Your output should be everything below from the line containing "After each GWAS" down to the line containing "In this tutorial, we", both ends included, copied exactly, with pictures left out.

**DATA FOR THIS EXERCISE**
>>>>>
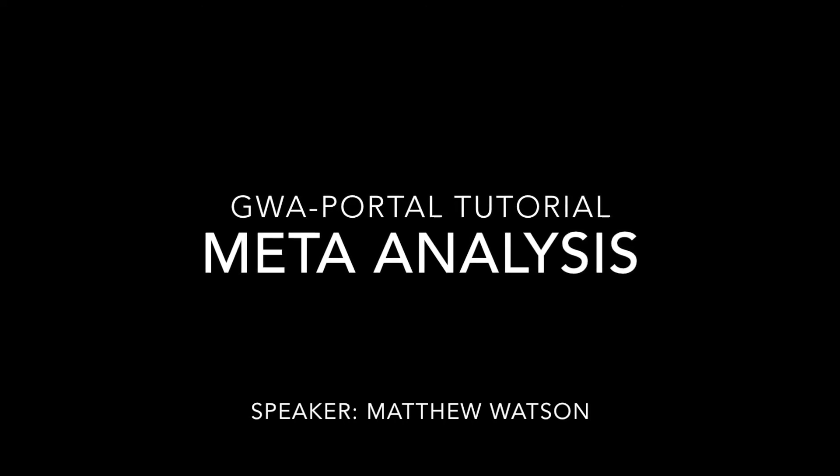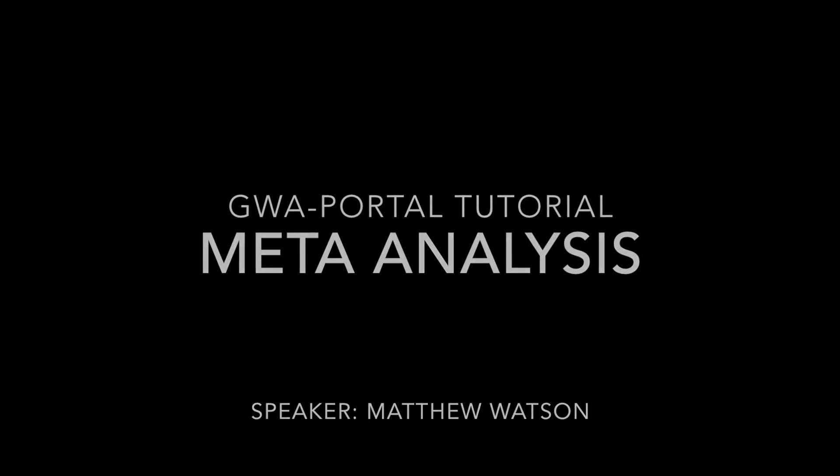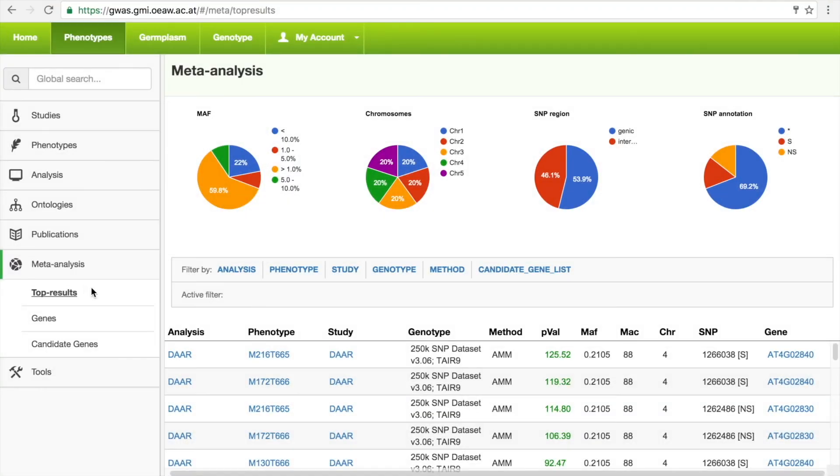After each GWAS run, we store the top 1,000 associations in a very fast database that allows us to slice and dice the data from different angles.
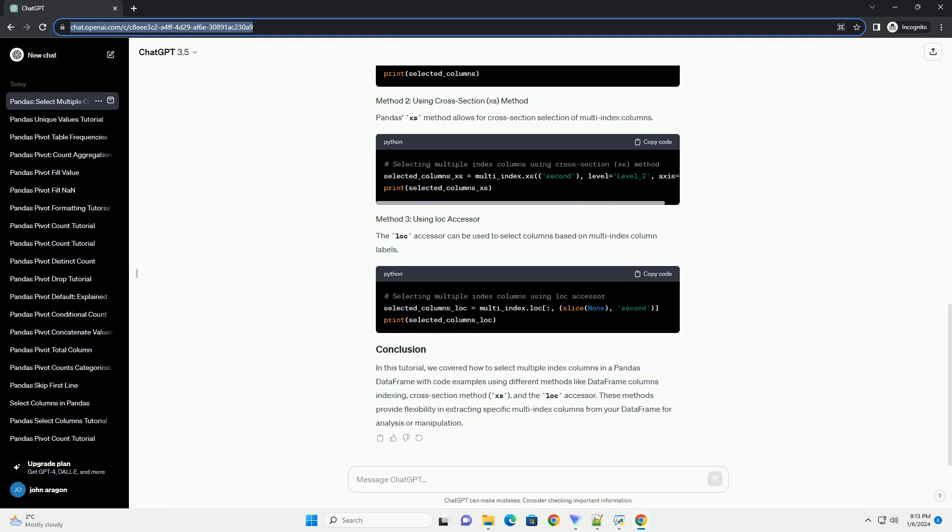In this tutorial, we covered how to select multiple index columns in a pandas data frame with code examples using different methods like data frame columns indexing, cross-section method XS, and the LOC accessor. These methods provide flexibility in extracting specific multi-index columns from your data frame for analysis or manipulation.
<<<<<
>>>>>
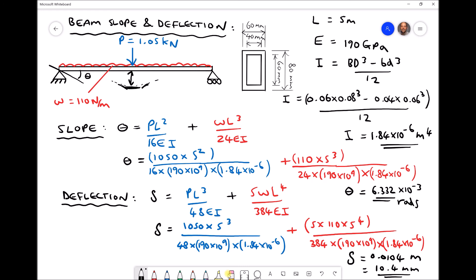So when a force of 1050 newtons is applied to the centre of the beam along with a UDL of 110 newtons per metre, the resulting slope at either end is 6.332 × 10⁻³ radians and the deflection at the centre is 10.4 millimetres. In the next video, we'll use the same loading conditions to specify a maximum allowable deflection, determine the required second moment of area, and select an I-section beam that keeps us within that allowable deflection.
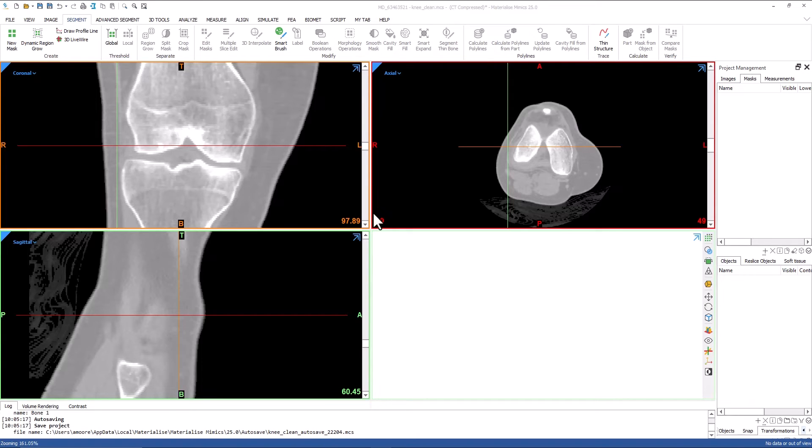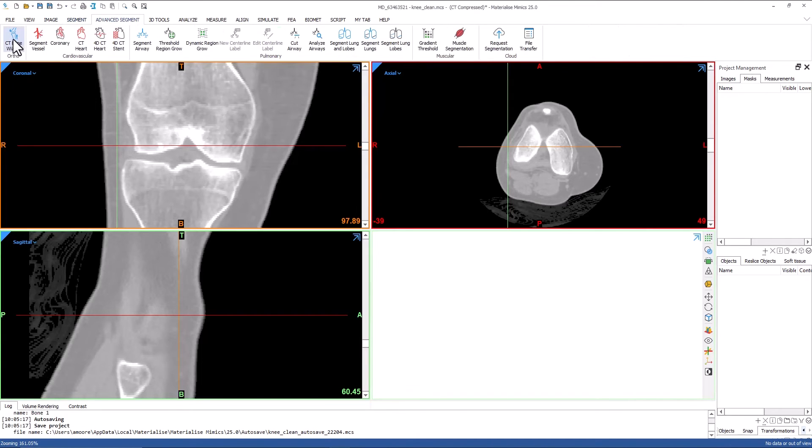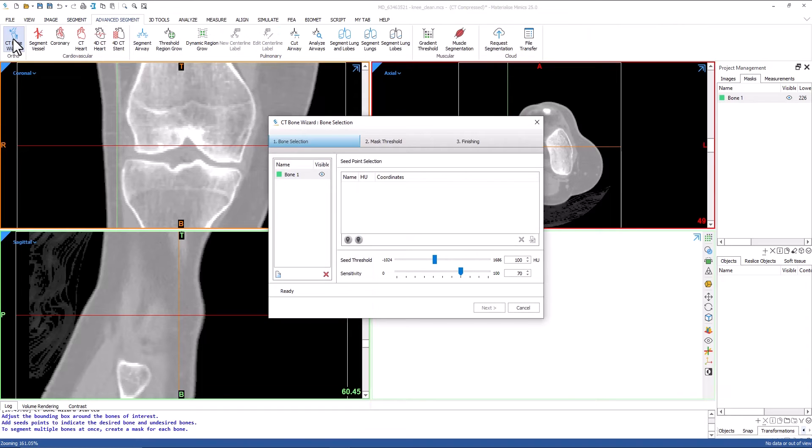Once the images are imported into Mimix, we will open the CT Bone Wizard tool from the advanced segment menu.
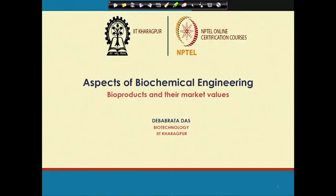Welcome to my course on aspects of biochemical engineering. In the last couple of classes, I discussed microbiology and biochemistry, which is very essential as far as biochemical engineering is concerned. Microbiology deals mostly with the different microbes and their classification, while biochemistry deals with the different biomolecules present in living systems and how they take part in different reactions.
<<<<<
>>>>>
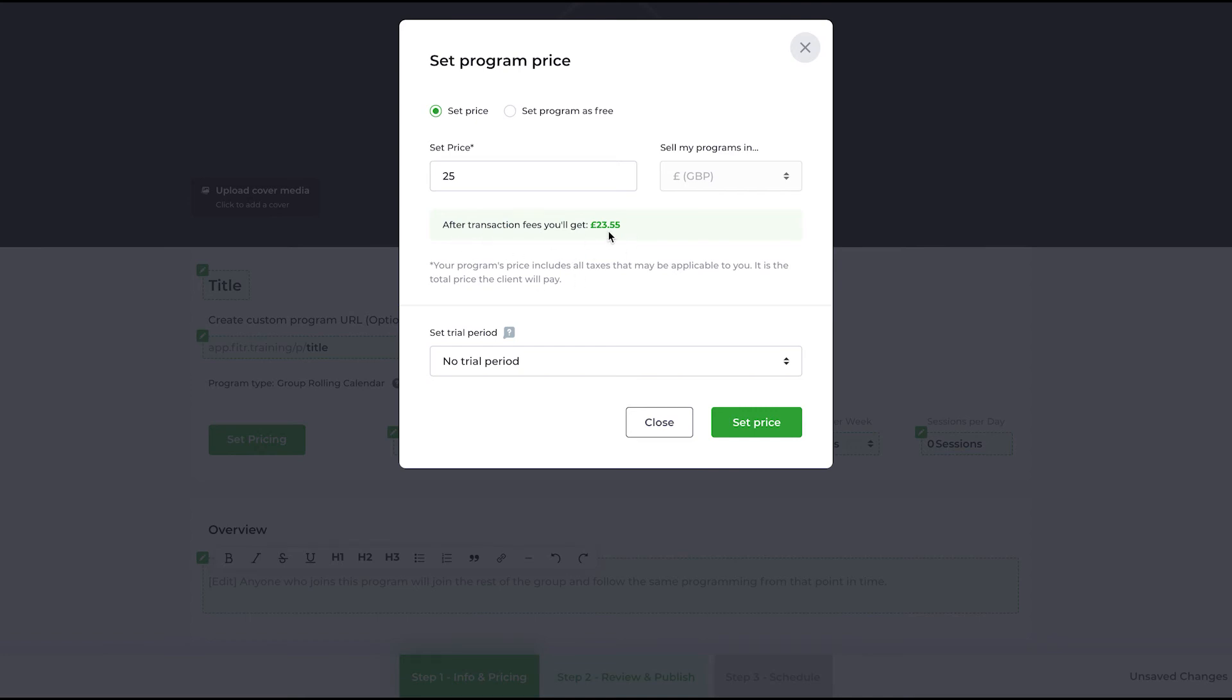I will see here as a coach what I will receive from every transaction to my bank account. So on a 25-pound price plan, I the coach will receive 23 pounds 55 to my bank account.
<<<<<
**EXPECTED ANSWER**
After each GWAS run, we store the top 1,000 associations in a very fast database that allows us to slice and dice the data from different angles.
In this tutorial, we covered how to select multiple index columns in a pandas data frame with code examples using different methods like data frame columns indexing, cross-section method XS, and the LOC accessor. These methods provide flexibility in extracting specific multi-index columns from your data frame for analysis or manipulation.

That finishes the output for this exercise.